Anouk Wipprecht met le corps sur écoute

La Synapse Dress (2014) se synchronise avec l'activité électrique du cerveau. © Anouk Wipprecht

Rencontre avec la fashion-tech designer Anouk Wipprecht et son vestiaire fantastique, peuplé de robes interfaces dopées aux données. Une passion que la Néerlandaise a développée dans la communauté open source.

L’ingénieure et designer hollandaise Anouk Wipprecht explore une mode hi-tech qui remplirait les fonctions d’une interface. Sa capacité à matérialiser cette vision dans ses prototypes impressionne. C’est peut-être la Spider Dress qui résume le mieux son travail. Cette robe robotique conçue en 2015 avec Intel exploite toute la palette maker : microcontrôleurs, impression 3D, robotique, biocapteurs. En cas d’intrusion, la robe est à l’offensive, agitant ses bras arachnéens pour écarter la menace.

Anouk Wipprecht façonne l’idée d’un vêtement symbiotique depuis plus de dix ans. Ses vêtements sont sensibles aux données biométriques et aux facteurs environnementaux et mettent en scène les données : transferts de fluides dans sa série Pseudomorphs en 2010, corps caché/montré avec Intimacy, voire envapé de fumée pour escamoter le corps avec la Smoke Dress en 2013, en collaboration avec l’architecte Niccolo Casas. En 2014, la Synapse Dress puise directement ses données dans le cerveau. Rencontre avec une créatrice qui trouve le temps d’alimenter sa page Instructables.

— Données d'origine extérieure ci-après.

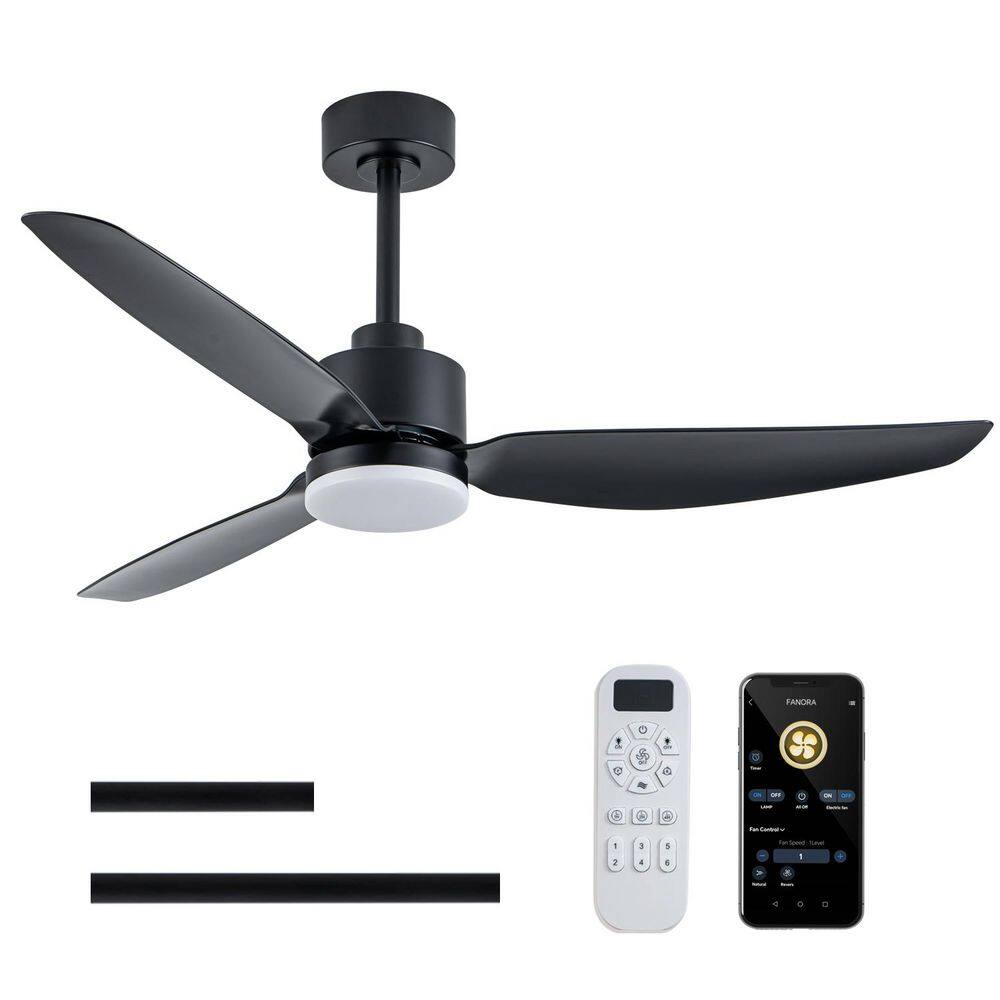 52 in. 3-Blade LED Ceiling Mount Matte Black Standard Ceiling Fan with 6-Speed DC Remote Control price history on PriceWatchPro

Anouk Wipprecht était en février à Paris, pour le Digital Makers Meetup. © Nicolas Barrial

Vos créations combinent mode, design, ingénierie. D’où cette envie vous est-elle venue? 

Je suis moitié issue d’un cursus, moitié autodidacte. J’ai commencé par la couture et la confection quand j’avais 14 ans. Mais je me suis vite ennuyée car mes réalisations et les textiles étaient encore « analogues ». Quand j’ai eu 18 ans dans les années 2000, je me suis initiée à la robotique et aux microcontrôleurs, notamment à l’université de Malmö où David Cuartielles, un des co-fondateurs d’Arduino, enseignait. A partir de là, j’ai commencé à étudier le design d’interaction. L’ingénierie proprement dite, je l’ai apprise avec des amis en fréquentant des hackerspaces et sur Internet. De toute manière, quand j’ai commencé la fashion-tech, il n’y avait pas d’école pour ça, j’ai fait mon propre mélange.

Etude de conception 3D sur la Smoking Dress (2013). © Anouk Wipprecht

Vos vêtements sont-ils des interfaces?

J’utilise des capteurs pour détecter les niveaux de stress dans le corps et des senseurs de proximité pour l’environnement immédiat du corps, tout cela est renvoyé dans le système du vêtement. J’utilise le vêtement comme un dispositif interactif qui visualise ces données corporelles et environnementales, et ceci au travers des espaces que j’ai définis : intime, personnel, social et public, dans différentes configurations, seul avec soi-même, à deux, comme vis-à-vis d’un groupe.

En janvier, à Première Vision à Paris, Anouk Wipprecht présentait une interprétation très littérale de la robe cocktail. © Anouk Wipprecht

Quelles nouvelles fonctions remplissent vos créations?

J’aime créer des systèmes qui permettent une expression ou une communication non verbale. La technologie est venue dans nos vies pour nous aider mais, de nos jours, nous sommes tellement connectés que cela finit par être un ticket pour le stress. Une technologie à l’écoute du corps, mais aussi une interface qui peut s’exprimer ou communiquer à notre place, ouvrent des possibilités avec lesquelles on n’a pas beaucoup joué jusqu’à maintenant. Je m’intéresse à une mode qui devienne une interface et que cette interface devienne un outil de socialisation ou exprime vos émotions.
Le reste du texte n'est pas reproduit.